Советским руководителям в 1985 году трудно было представить себе, что важнейшей темой в международных переговорах 1990 года станет вопрос о том, какие объемы гуманитарной помощи, обычно направляемой в беднейшие страны мира, западное сообщество будет готово выделить СССР, а предметом оживленной межведомственной переписки в начале 1991 года будет то, как эту помощь распределять, какую долю ее выделить в распоряжение советских Вооруженных сил, чтобы накормить солдат и офицеров.
На чужих ошибках учатся редко. Хотелось бы научиться извлекать уроки хотя бы из собственных. Тем более что для десятков миллионов россиян последствия решений, принятых в период предшествующего максимума нефтяных цен, задали фон, на котором прошли многие годы их жизни.
Цена сталинской индустриализации
Уничтожение семи миллионов крестьян, рабский труд заключенных ГУЛАГа, изъятие ресурсов сельского хозяйства — такова цена сталинской индустриализации. Насколько необходимы были эти жертвы?
Царская Россия вступила в процесс современного экономического роста на два поколения позже, чем Франция и Германия, на поколение позже, чем Италия, и примерно одновременно с Японией.
Темпы индустриализации в России были высокими. Как показывают расчеты немецкого Конъюнктурного института, продукция русской промышленности увеличилась с 1860 по 1900 год в 7 раз. (Для сравнения: промышленное производство Германии увеличилось тогда же почти в 5 раз, Франции — почти в 2,5 и Англии — в 2 раза.)
Рост «народного дохода» европейской России за 1900–1913 годы, согласно приблизительным расчетам, составлял около 5 процентов в год. Столыпинские реформы, открывшие дорогу формированию индивидуальных крестьянских хозяйств, не связанных общинными ограничениями, привели к росту продуктивности сельского хозяйства и, соответственно, аграрного экспорта.

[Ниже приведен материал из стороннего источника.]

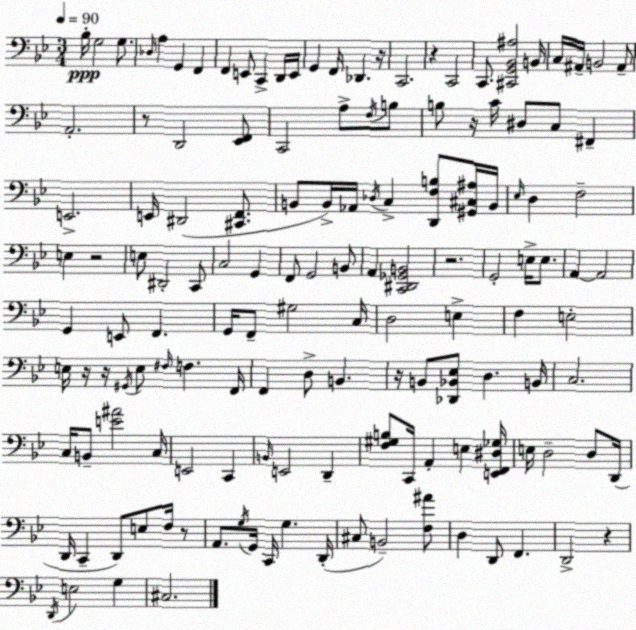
X:1
T:Untitled
M:3/4
L:1/4
K:Bb
_B,/4 G,2 G,/2 _D,/4 A, G,, F,, F,, E,,/2 C,, D,,/4 E,,/4 G,, F,,/4 _D,, z/4 C,,2 z C,,2 C,,/2 [^C,,G,,_B,,^A,]2 B,,/4 C,/4 ^A,,/4 B,,2 ^A,,/2 A,,2 z/2 D,,2 [_E,,F,,]/2 C,,2 A,/2 F,/4 B,/2 B,/2 z/4 C/4 ^D,/2 C,/2 ^F,, E,,2 E,,/4 ^D,,2 [^C,,F,,]/2 B,,/2 B,,/4 _A,,/4 _D,/4 C, [D,,F,B,]/2 [^G,,^C,^A,]/4 B,,/4 _E,/4 D, F,2 E, z2 E,/2 ^D,,2 C,,/2 C,2 G,, F,,/2 G,,2 B,,/2 A,, [C,,^D,,_G,,B,,]2 z2 G,,2 E,/4 E,/2 A,, A,,2 G,, E,,/2 F,, G,,/4 F,,/2 ^G,2 C,/4 D,2 E, F, E,2 E,/4 z/4 z/4 ^G,,/4 E,/2 ^F,/4 F, F,,/4 F,, D,/2 B,, z/4 B,,/2 [_D,,_B,,_E,]/2 D, B,,/4 C,2 C,/4 B,,/2 [E^A]2 C,/4 E,,2 C,, B,,/4 E,,2 D,, [F,^G,B,]/2 C,,/4 A,, E, [E,,F,,^D,_G,]/4 E,/4 D,2 D,/2 D,,/4 D,,/4 C,, D,,/2 E,/2 F,/4 z/2 A,,/2 G,/4 G,,/4 C,,/4 G, D,,/4 ^C,/2 B,,2 [F,^A]/2 D, D,,/2 F,, D,,2 z D,,/4 E,2 G, ^C,2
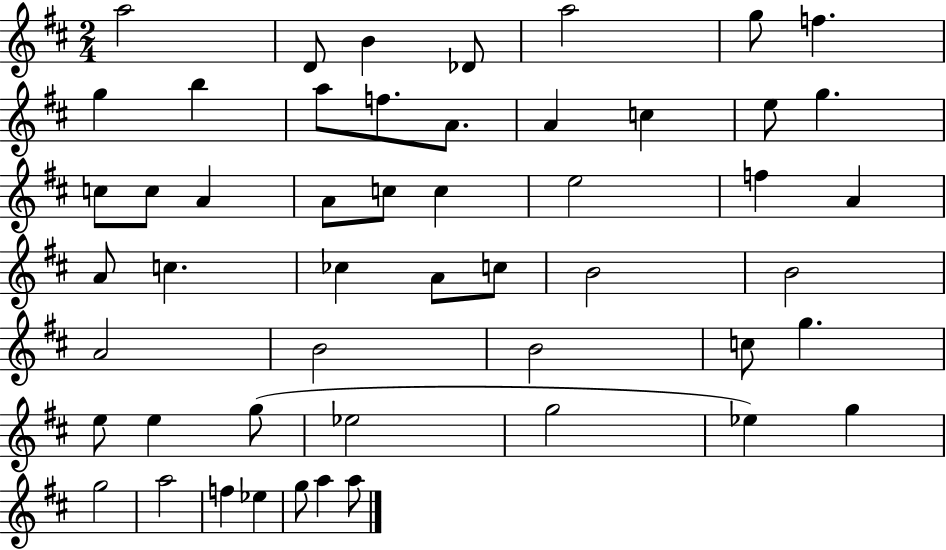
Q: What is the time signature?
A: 2/4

Среднегодовой урожай зерновых в 1911–1913 годах вырос по сравнению с первой пятилеткой века почти на 20 миллионов тонн. К началу Первой мировой войны Россия становится одним из крупнейших производителей зерна в Европе и основным поставщиком молочных продуктов для Северной Европы.
Неизбежно — как это всегда бывает на этапах ранней индустриализации — меняется социальная структура общества, а вместе с этим возникают серьезные институциональные противоречия. С 1887 по 1914 год городское население России увеличилось почти на 10 миллионов человек, в основном это было пришлое крестьянство, которое трудно адаптировалось к условиям города и работе на фабриках.
Лавинообразно нарастают и другие проблемы. В частности, крестьянские волнения 1905–1906 годов, которые стали результатом недовольства крестьян распределением земли после реформы 1861 года; их отказа признать собственность помещиков как легитимную; трудностей развития ипотечного кредитования для выхода из общины и создания индивидуальных хозяйств. Царский режим негибок. Его политические и государственные институты не были способны справиться с возрастающими рисками политической нестабильности, что неуклонно вело к крушению режима. Первая мировая война, в которую оказалась втянута Россия, перечеркнула надежду на эволюционную трансформацию политической системы.